Introduction to Python for Data science: 03 - SOME TITLE

This is designed to be a self-directed study session where you work through the material at your own pace. If you are at a Code Cafe event, instructors will be on hand to help you.

If you haven't done so already please read through the Introduction to this course, which covers:

  1. What Python is and why it is of interest;
  2. Learning outcomes for the course;
  3. The course structure and support facilities;
  4. An introduction to Jupyter Notebooks;
  5. Information on course exercises.

This lesson covers:

TODO: FINISH TOC

Lesson setup code

Run the following Notebook cell every time you load this lesson (but do not edit it). Don't be concerned with what this code does at this stage.


In [ ]:
____ = 0
import os
import numpy as np
from codecs import decode
from numpy.testing import assert_almost_equal, assert_array_equal
from IPython.display import Image

File paths and the current working directory

Before we move on to look more at what numpy can do for us let's first load the weather station data previously encountered in the Lesson 02 Notebook. This is necessary at the variables created in memory in one Notebook are not accessible in other Notebooks.


In [ ]:
data_dir = 'Weather_data'
csv_path = os.path.join(data_dir, 'Devonshire_Green_meteorological_data-preproc.csv')
csv_path

In [ ]:
dev_green = np.genfromtxt(csv_path, 
                          delimiter=',', 
                          skip_header=1)

Something not explicitly mentioned in Lesson 02 is how Python finds the CSV file that we want to load.

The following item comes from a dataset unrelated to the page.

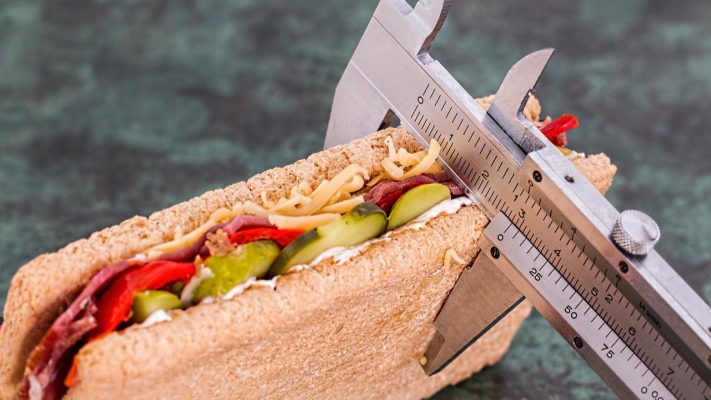 Kas yapmak, yağ yakmak veya performans artırmak istiyorsan; kişisel makro dengenle tanış! Sporcu beslenmesi programının detaylarını bu rehberde keşfet.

When we want Python to read from or write to a file we can provide it with

  • an absolute path (fully specifies where the file is in the filesystem) or
  • a relative path (specifies the file's location relative to a particular directory).

Here we construct a relative path the name of the file we want to read and the directory the file resides in. This path is relative to Python's current working directory, which is currently the directory we started the Notebook session from. This directory is:


In [ ]:
os.getcwd()

The function os.path.join joins together directory name(s) and/or file name supplied as arguments to construct a path (of the 'string' type) by interspersing those arguments with the appropriate path separator character for the operating system. The path separator character differs between Windows (\) and OS X/Linux (/), so using os.path.join (rather than manually inserting \ or / characters into a long string) means that the same code can be run on any operating system.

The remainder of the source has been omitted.